The task: Take nothing but the lines from the one with "Imagem principal da" through the one with "The North Face M 24/7 SHORT - EU" in the entries below, both ends kept, and return them exactly with pictures left out.
*** Opening Supplied records ***
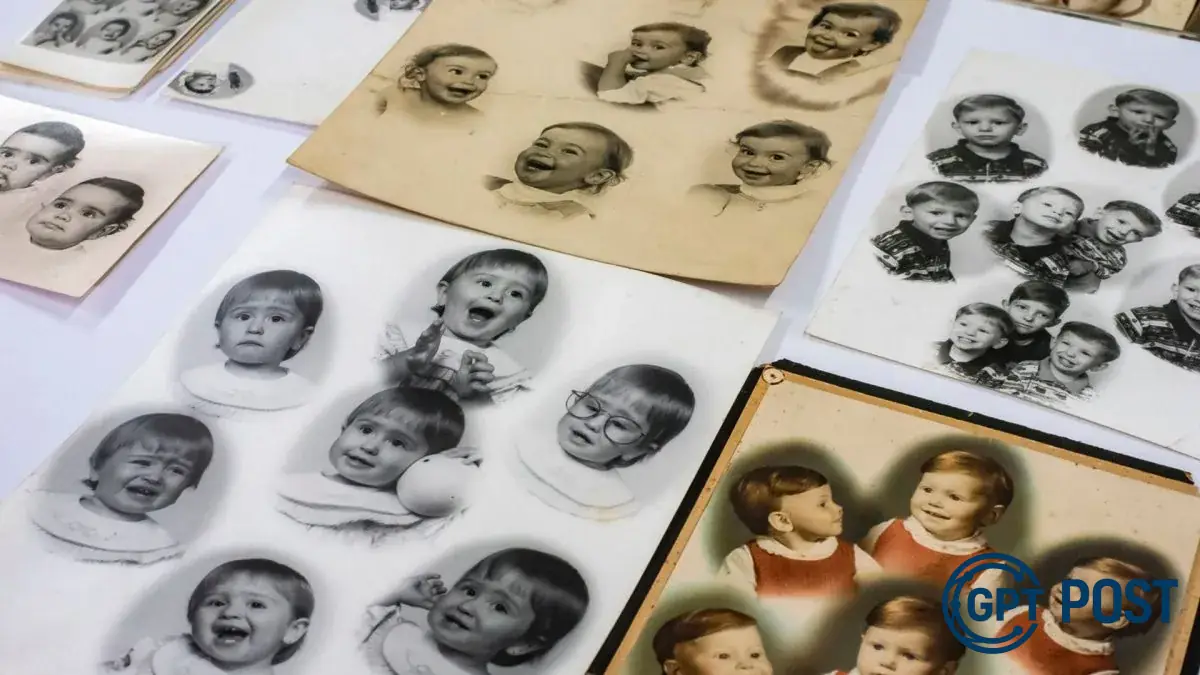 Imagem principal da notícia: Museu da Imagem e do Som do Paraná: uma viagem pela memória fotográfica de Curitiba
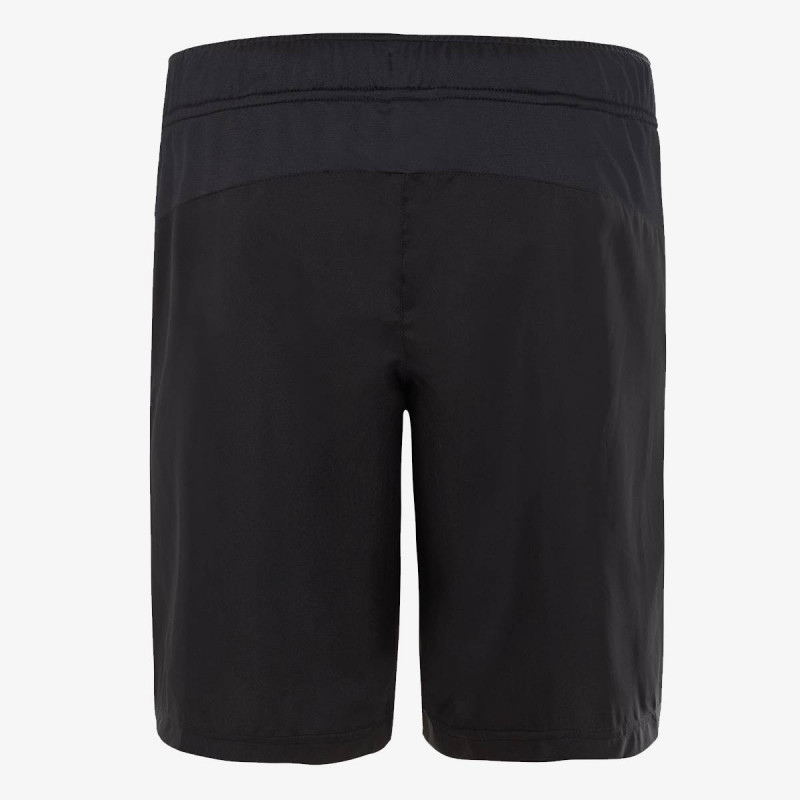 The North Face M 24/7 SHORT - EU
*** Closing Supplied records ***
*** Opening Supplied records ***
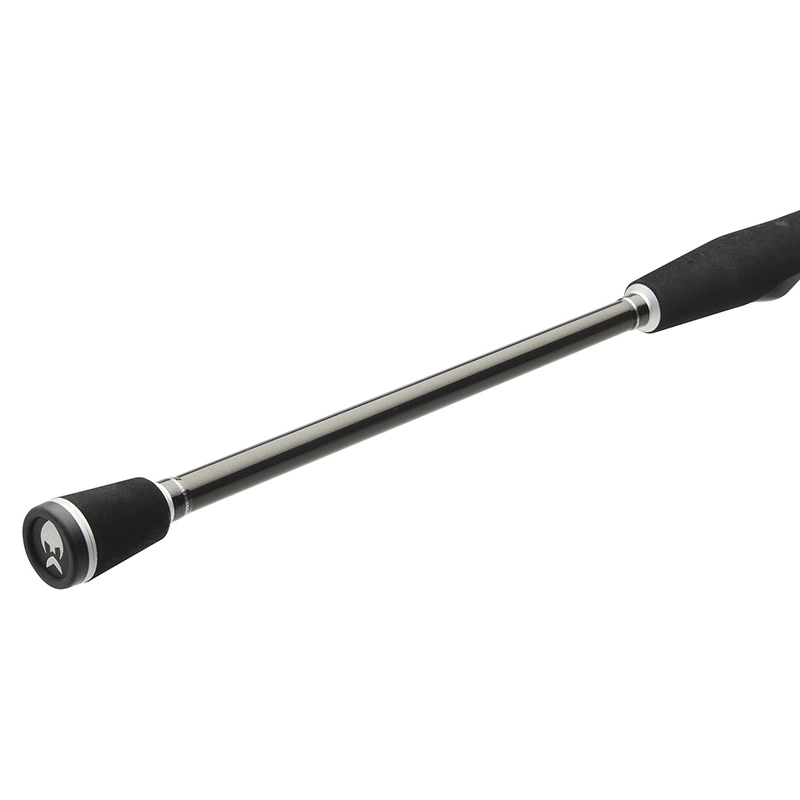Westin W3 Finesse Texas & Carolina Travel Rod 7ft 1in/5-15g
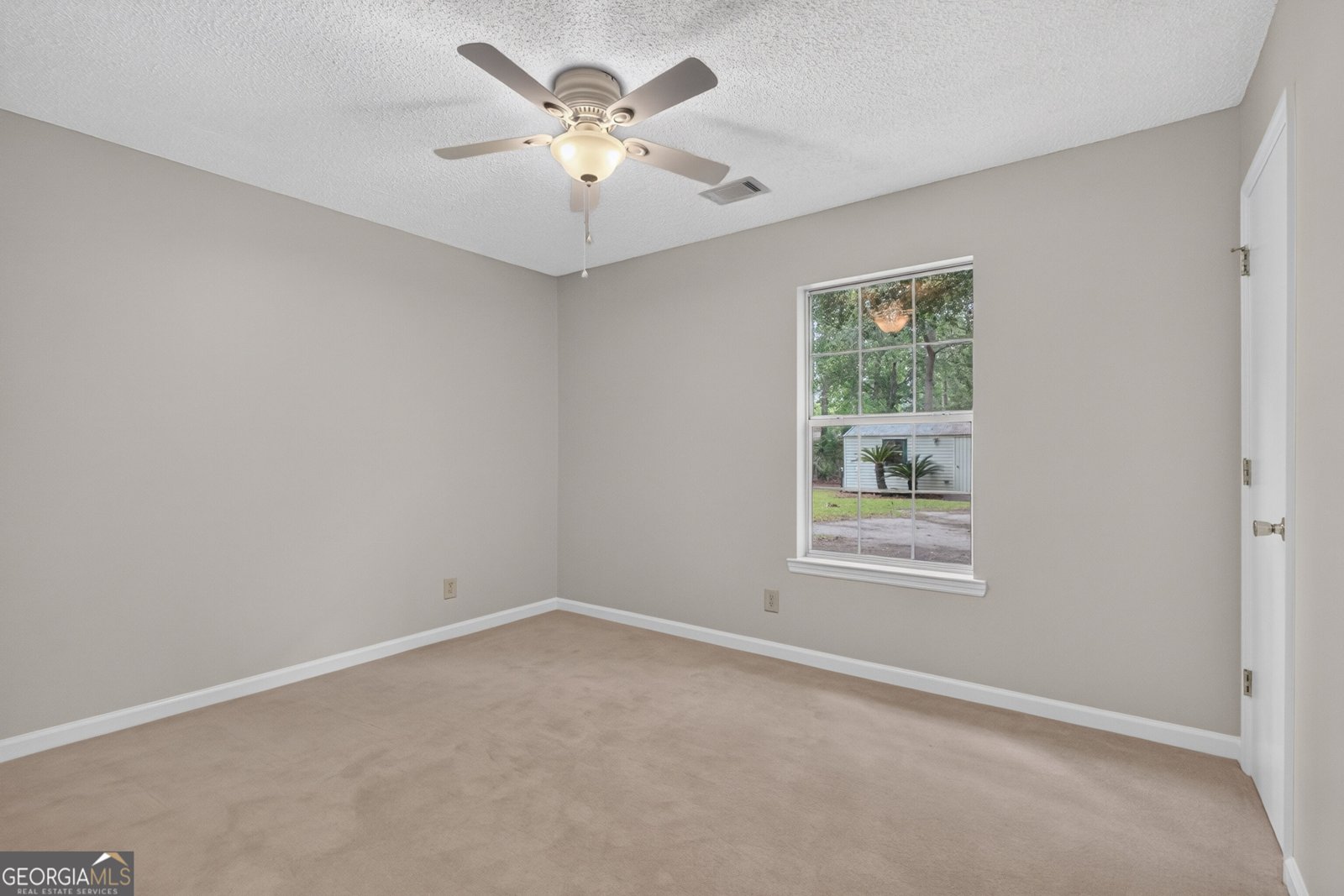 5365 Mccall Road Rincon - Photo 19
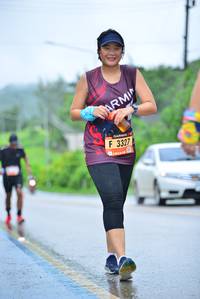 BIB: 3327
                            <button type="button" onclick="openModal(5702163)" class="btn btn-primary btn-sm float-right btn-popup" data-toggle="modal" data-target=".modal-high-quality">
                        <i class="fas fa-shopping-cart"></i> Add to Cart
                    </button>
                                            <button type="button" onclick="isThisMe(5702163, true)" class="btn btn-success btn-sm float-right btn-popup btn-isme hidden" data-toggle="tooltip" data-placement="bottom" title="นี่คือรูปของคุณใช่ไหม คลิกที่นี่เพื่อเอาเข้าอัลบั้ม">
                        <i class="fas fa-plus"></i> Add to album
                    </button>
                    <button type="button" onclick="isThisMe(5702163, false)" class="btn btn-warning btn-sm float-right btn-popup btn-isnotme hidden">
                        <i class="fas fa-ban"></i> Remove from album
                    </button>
*** Closing Supplied records ***
*** Opening Supplied records ***
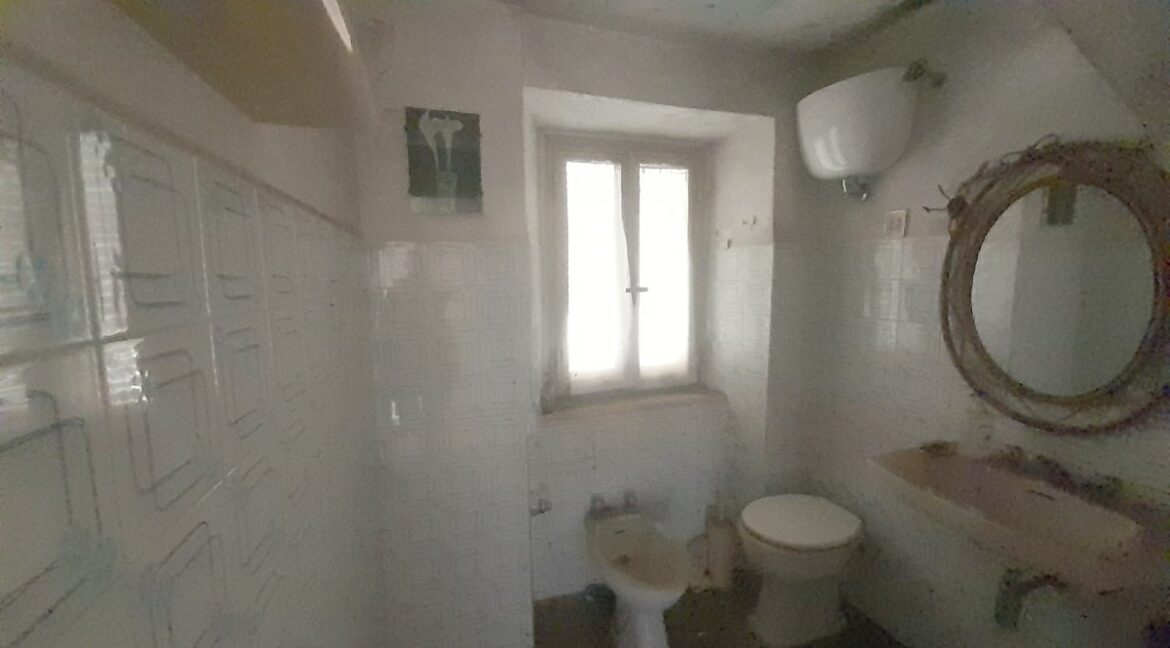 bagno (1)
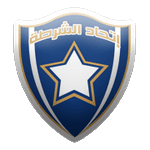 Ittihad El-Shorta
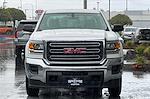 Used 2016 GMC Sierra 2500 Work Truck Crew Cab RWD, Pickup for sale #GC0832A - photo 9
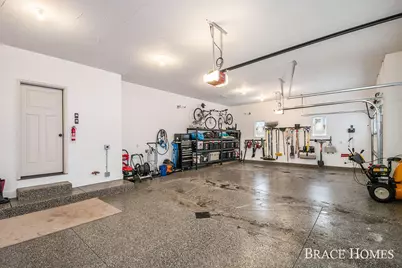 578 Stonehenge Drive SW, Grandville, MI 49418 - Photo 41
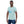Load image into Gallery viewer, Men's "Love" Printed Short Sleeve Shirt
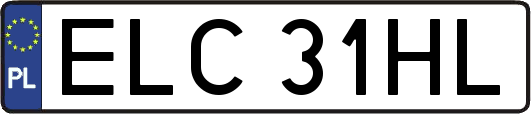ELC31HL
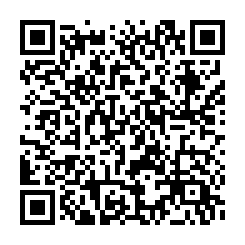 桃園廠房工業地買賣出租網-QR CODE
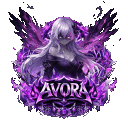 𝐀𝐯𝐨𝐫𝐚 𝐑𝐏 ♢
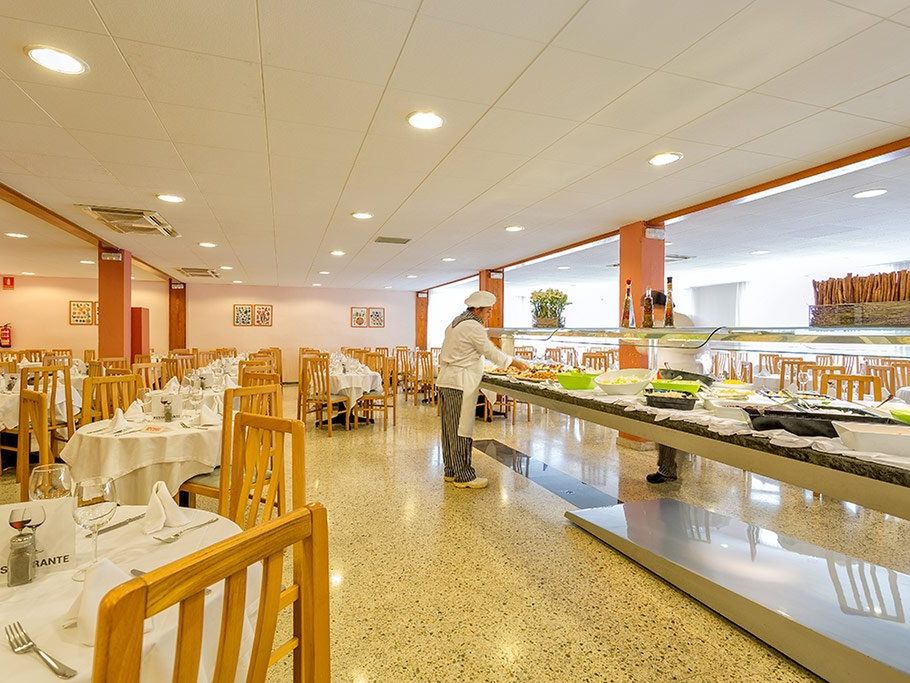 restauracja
*** Closing Supplied records ***
Answer box:
 Imagem principal da notícia: Museu da Imagem e do Som do Paraná: uma viagem pela memória fotográfica de Curitiba
 The North Face M 24/7 SHORT - EU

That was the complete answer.